Step 3 of 7

To the Temple

Fig. 3. Maquette of the temple complex (above right) and the bathhouse (left) of Aquae Sulis in the Roman Baths Museum. [Wikimedia](https://commons.wikimedia.org/wiki/File:Bath_thermes_maquette_site.jpg)

Fig. 3. Maquette of the temple complex (above right) and the bathhouse (left) of Aquae Sulis in the Roman Baths Museum. Wikimedia

It was widely understood that the goddess Sulis Minerva had the power to punish thieves. Even if the identity of the robbers was unknown, she could find them and exact revenge. Upon arrival at the temple grounds, Solinus would need to write a curse text on a piece of lead, for which he probably needed the help of priests and maybe a professional scribe. The professionals knew exactly how to address the goddess, and how to get requests to reach her.

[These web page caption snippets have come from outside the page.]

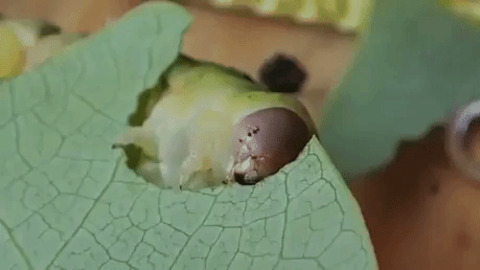 Caterpillar Eating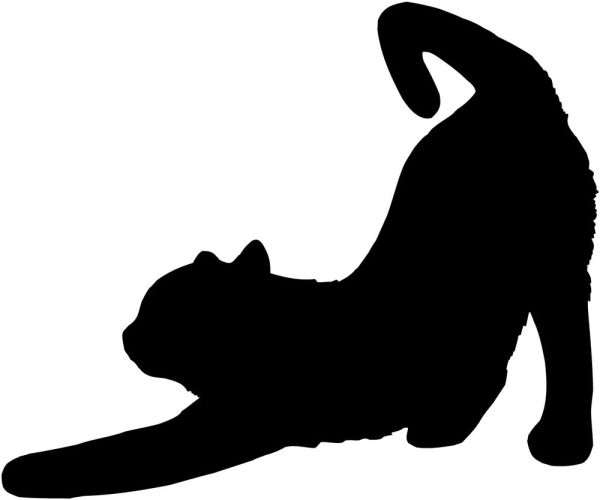 gambar siluet kucing
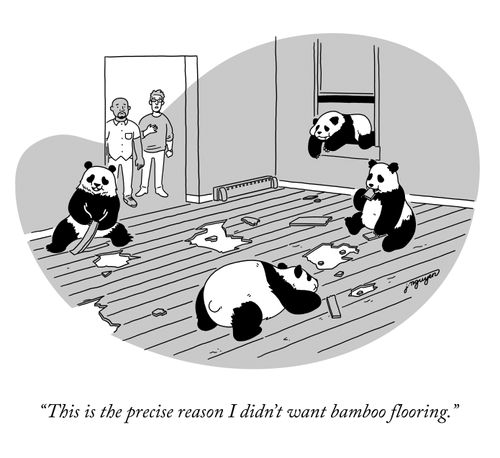"This is the precise reason I didn't want bamboo flooring."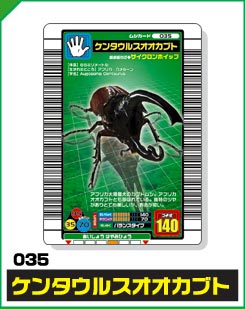 ケンタウルスオオカブト（035）［未確定］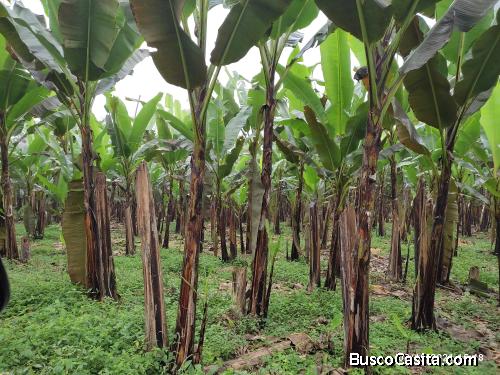 Finca Ganadera en producción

With his inscribed tablet, Solinus would go to the sacred spring. The spring had been enclosed in a room with a high vaulted ceiling, which was only accessible through one narrow door. Eleri Cousins gives a nice impression of the temple space in her book The Sanctuary at Bath in the Roman Empire (Cambridge 2020). The atmosphere inside this room must have been mystifying, with the sound of bubbling water, and the heat and steam of the spring filling the space. The Romans believed they were very close to the supernatural there. The spring, coming from the depths of the earth, was seen as a sort of portal to the underworld through which it was believed the goddess could be reached. That is why Solinus, after folding his sheet of lead a number of times, threw it into the spring.